Heaven and earth are not humane.
Use countless creatures as straw dogs.
The sage is not humane.
Uses all families as straw dogs.
Heaven and earth’s spaces, are they like bellows?
Empty and not collapsed, moving and expelling more.
Lots of talk often exhausts.
Does not compare to preserving the centre.
Notes on the version:
Bǎixìng (百姓) is literally ‘the hundred surnames’, but usually means ‘the people’ or ‘the common people’. Variations of both turn up in translations. I’ve gone for ‘all families’ as ‘common people’ loses the resonance with wànwù (萬物) (‘countless creatures’, ten thousand things). ‘Hundred’ is used to indicate ‘all of the’, and ‘ten thousand’ is used to indicate ‘countless’. In both cases, I have gone for the less literal, more natural, English option.

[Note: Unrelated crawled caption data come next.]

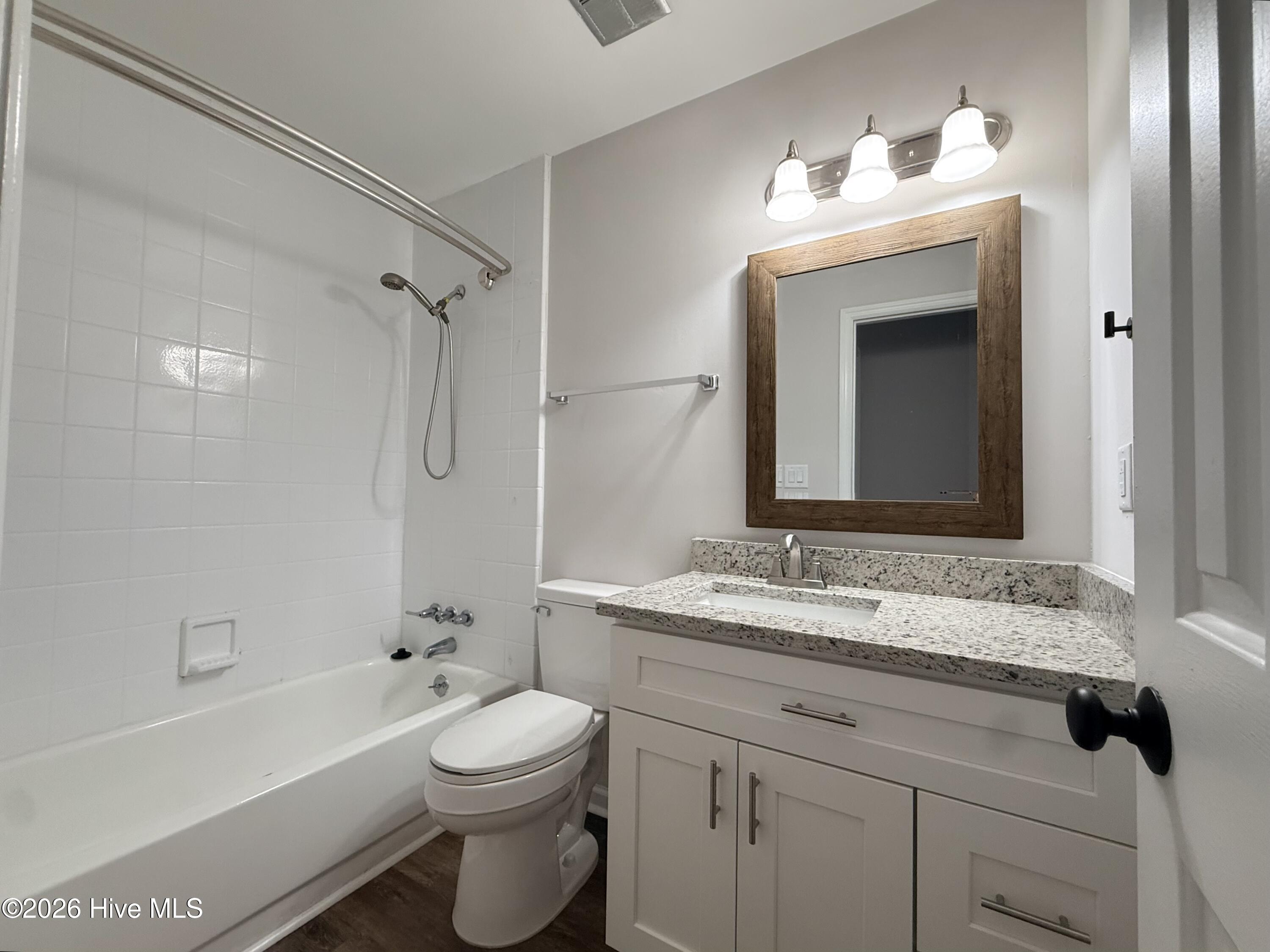211 Holden Drive Property Photo 14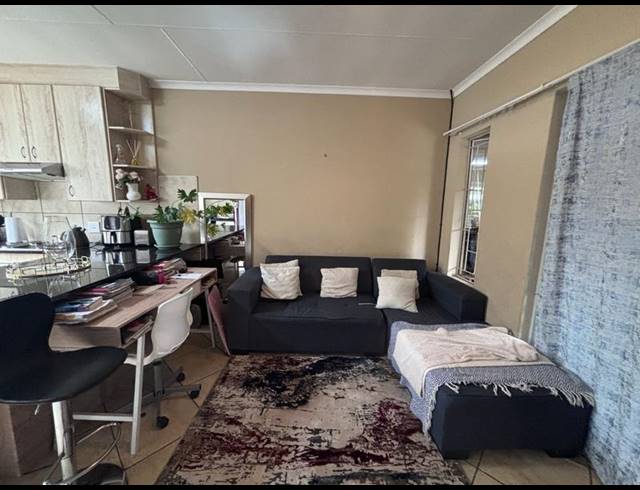 2 BEDROOM APARTMENT FOR SALE IN FLORIDA GLEN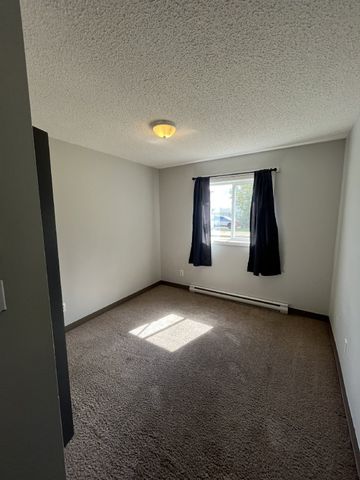 AURORA APARTMENTS - 104 - Photo 3
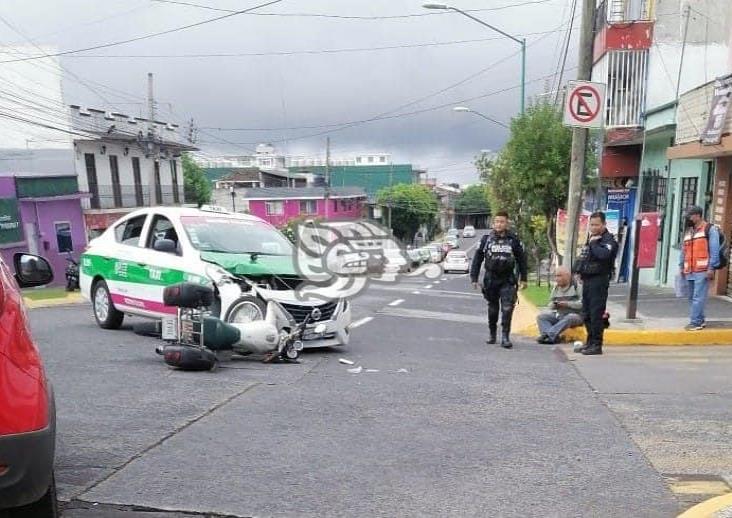 Motociclista resulta ligeramente lesionado tras chocar contra taxi en Xalapa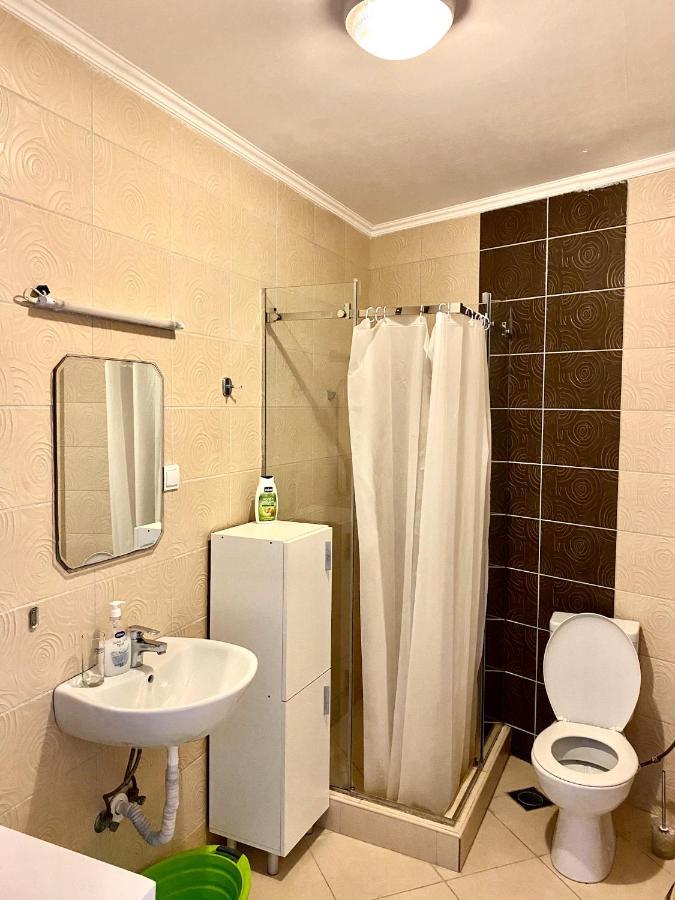 Apartments First Line Petrovac المظهر الخارجي الصورة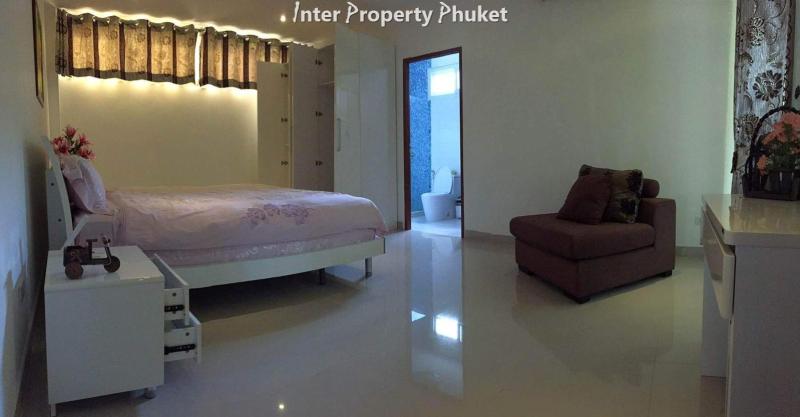 RR013 5 Bedrooms villa for rent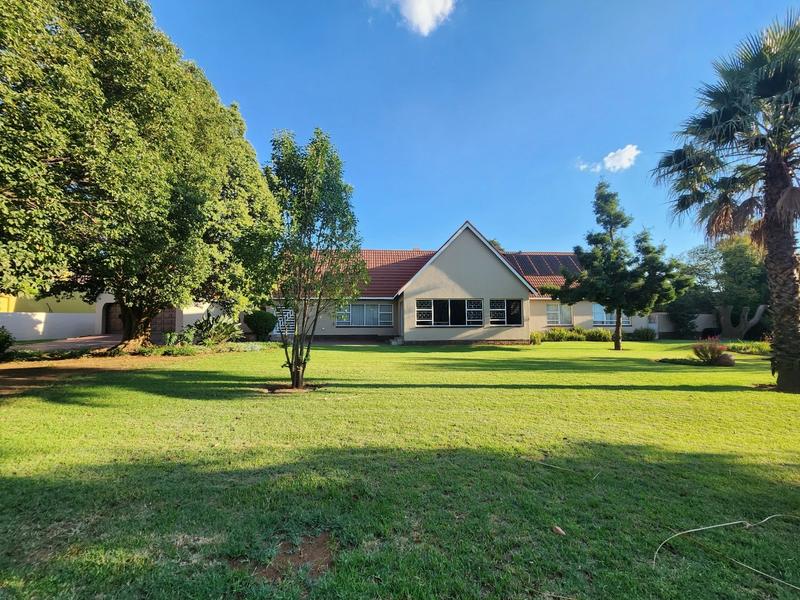 4 Bedroom Property for Sale in Robinpark Gauteng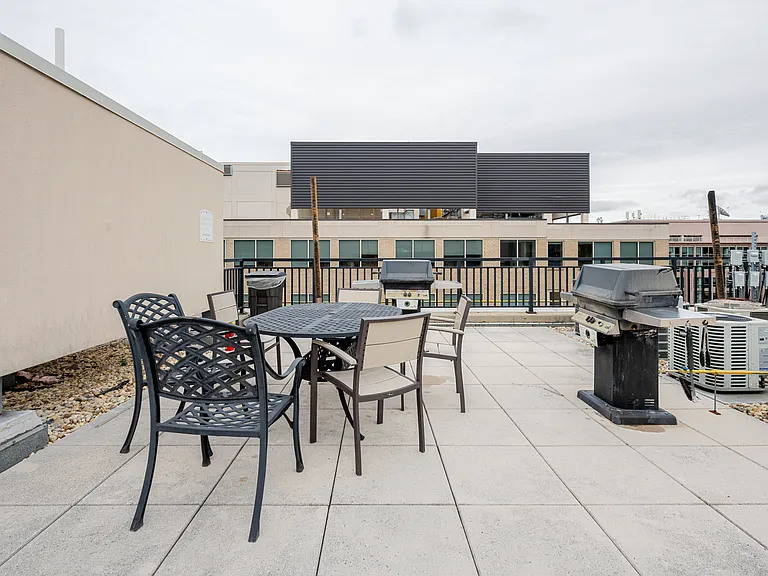 915 E St NW #317 — Photo 39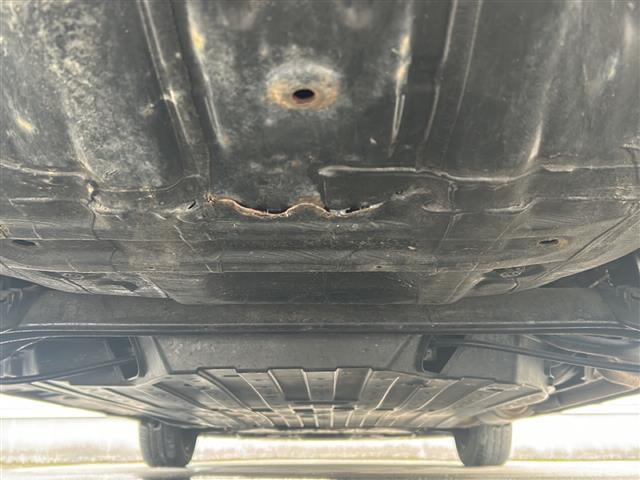 フィットハイブリッド Ｆパッケージ　社外ナビ　ＥＴＣ　ＣＤ　Ｂｌｕｅｔｏｏｔｈ　スマートキー　スペアキー　横滑り防止　エンジンスタートボタン　ＡＡＣ　記録簿（43枚目）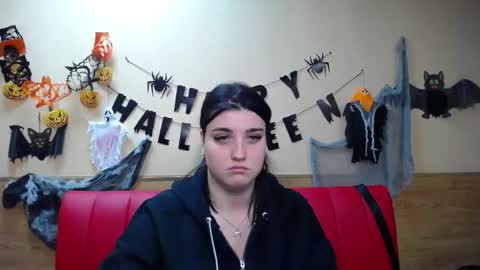 ScarletCargo online show from November 6, 6:03 pm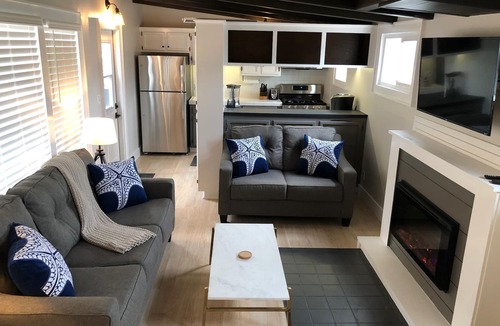 Balboa Island Cottage | Newly renovated, Reserved Parking, Rooftop Deck, HVAC Steps to Bay Beach & Shops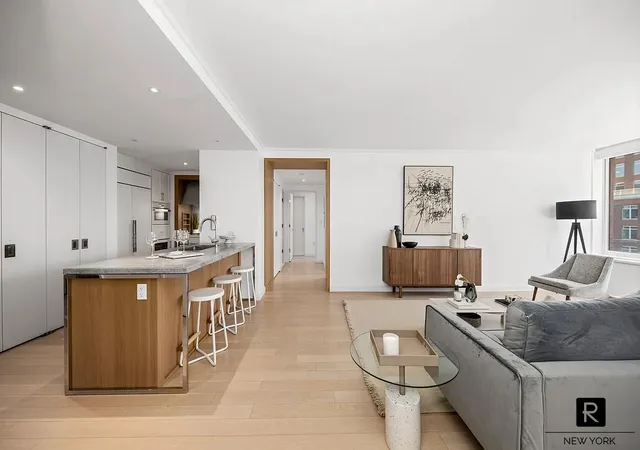 5th image of 212 Warren St, New York City, NY 10282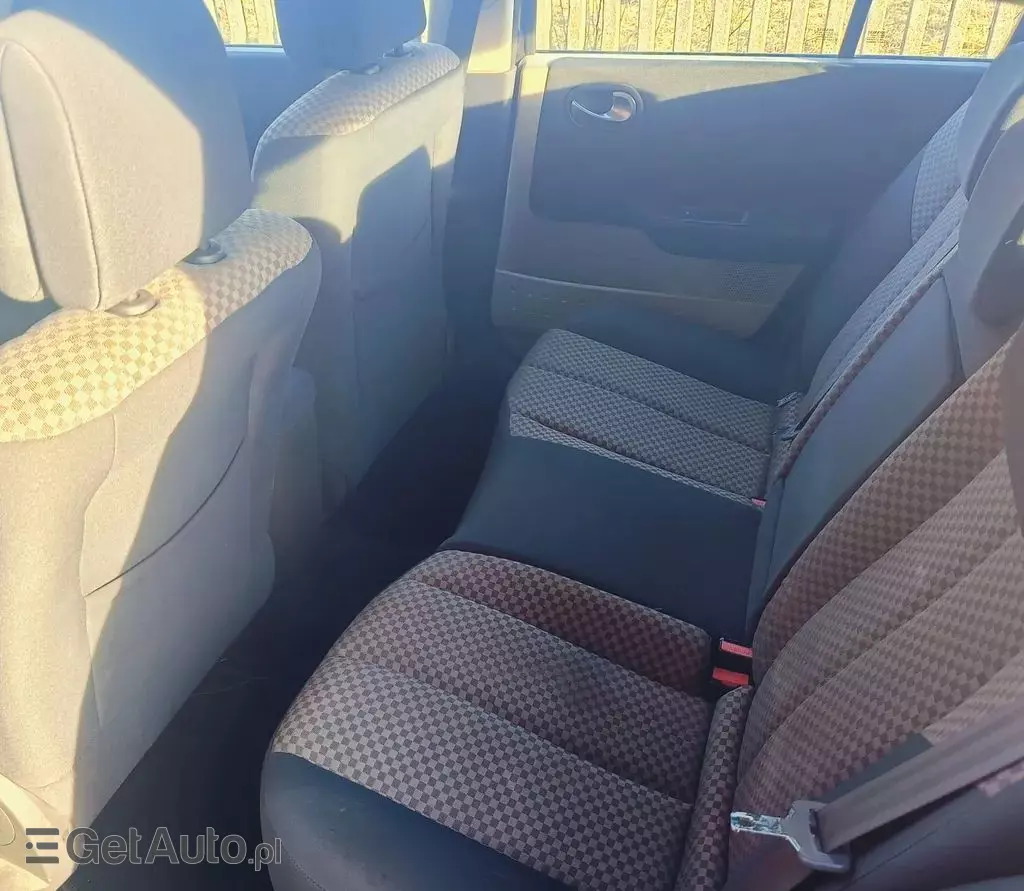 RENAULT Megane 1.6 16V (112 KM)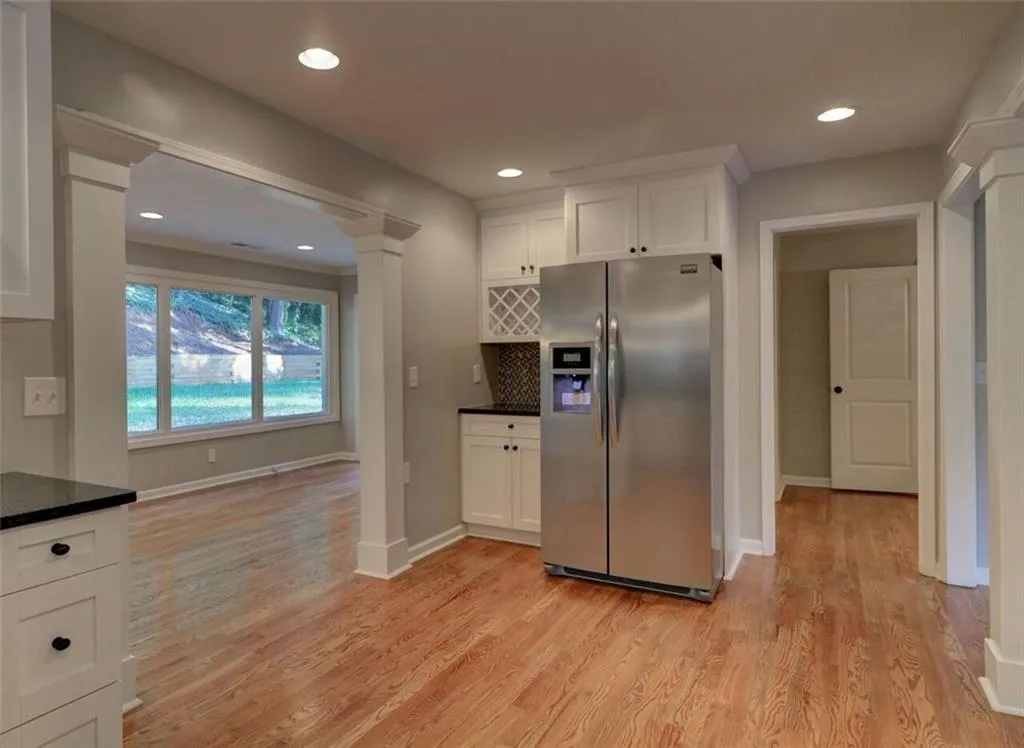 360 Earlston Drive, Sandy Springs, Georgia 30328, 4 Bedrooms Bedrooms, ,3 BathroomsBathrooms,Residential,Sold,360 Earlston Drive,5745471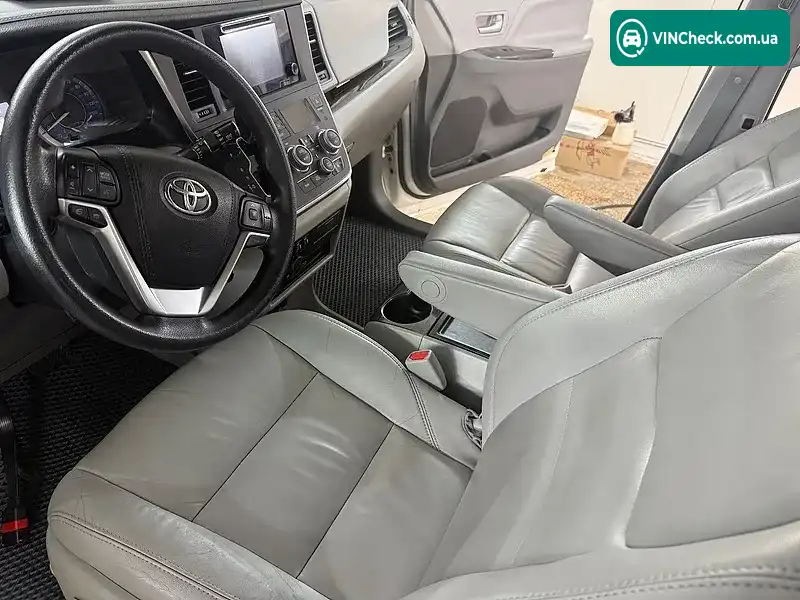 Toyota Sienna 2015, фото з оголошення, VIN 5TDDK3DC3FS117613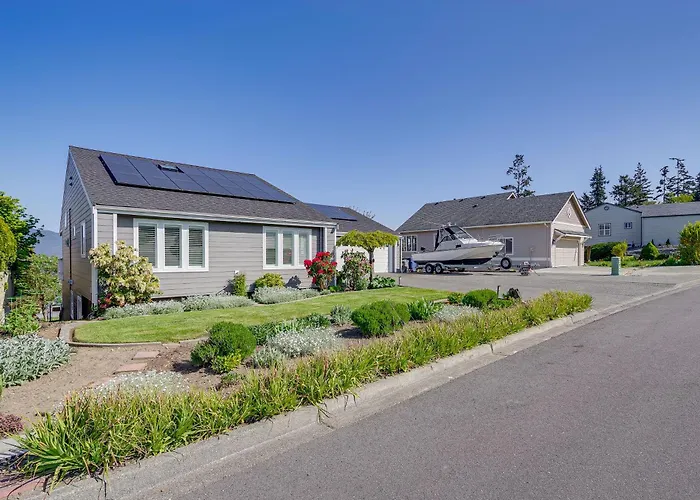 Anacortes Home W/ Views Of Puget Sound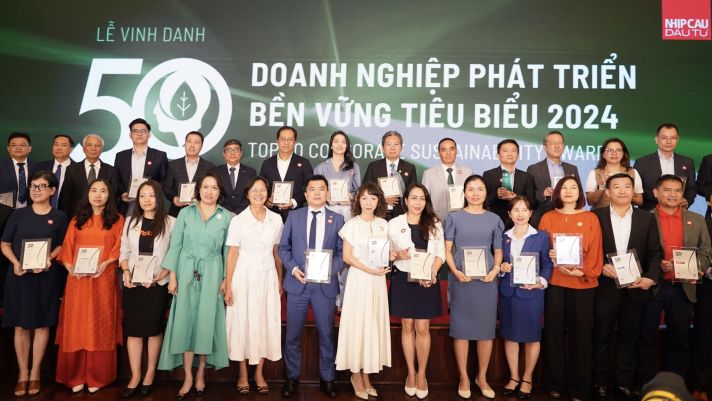 FPT dành cú đúp giải thưởng tại Lễ công bố TOP 50 doanh nghiệp phát triển bền vững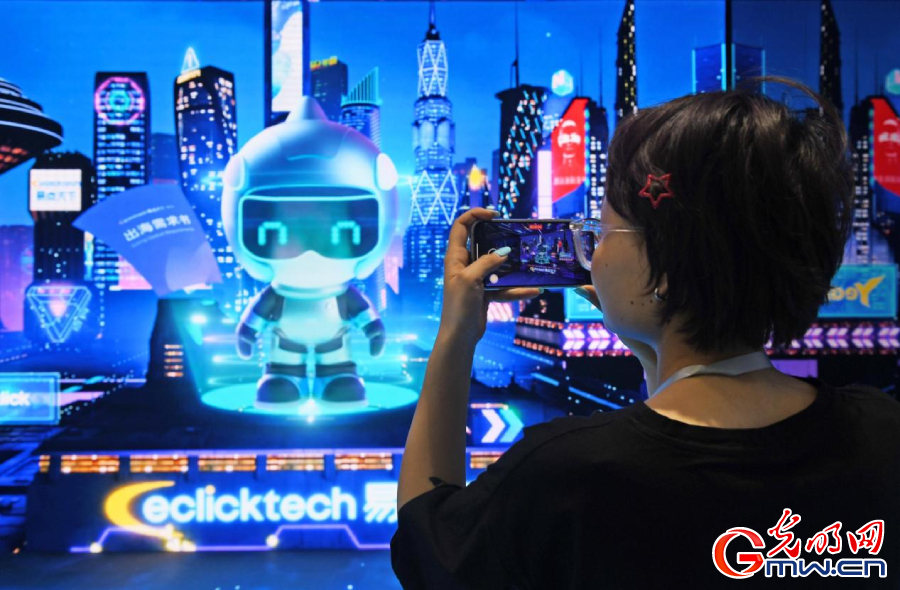 組圖丨AI、網(wǎng)絡(luò)安全、跨境電商……數(shù)字經(jīng)濟(jì)如此 “陜”耀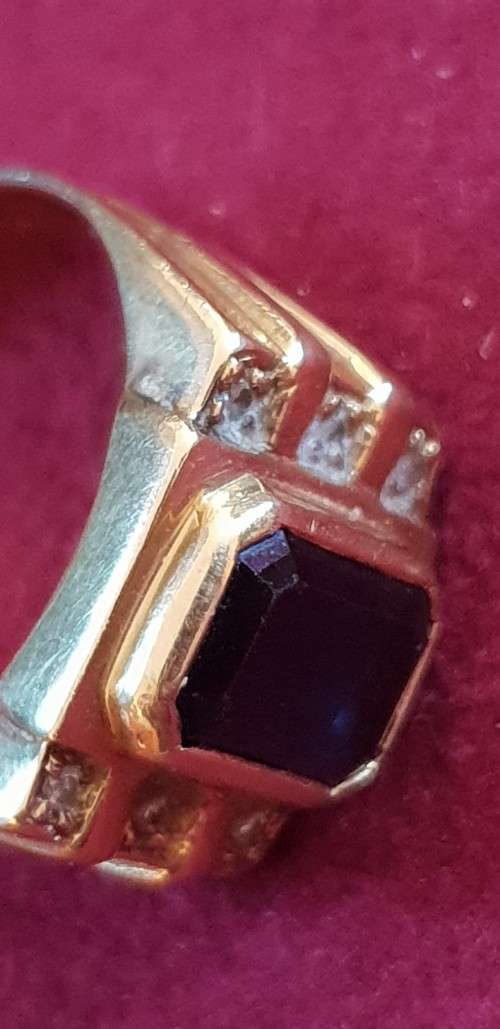 18CT GENUINE YELLOW GOLD AND SAPPHIRE AND GENUINE DIAMOND GENTS RING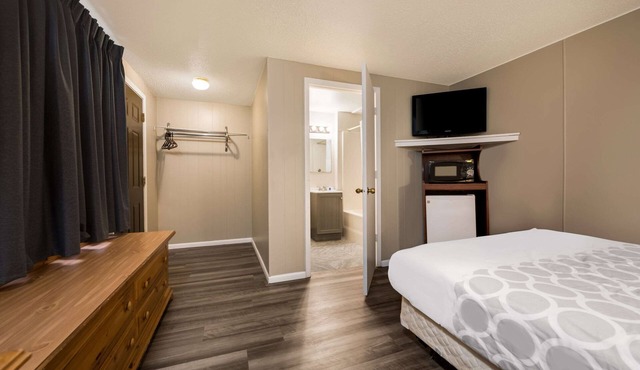 Rodeway Inn La Crosse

‘Heaven and earth’s spaces’ is more often given as singular, or even as something like ‘the space between heaven and earth’. As with my use of plural ‘ways’ instead of the singular ‘the way’, my aim in pluralising is to deflate the dualist metaphysics that the definite article gives English versions. I don’t see any reason to start supposing that ‘space(s)’ is/are something separate to the world, but as soon as the singular is used (and ‘it’) in opposition to all of heaven and earth, it seems like that.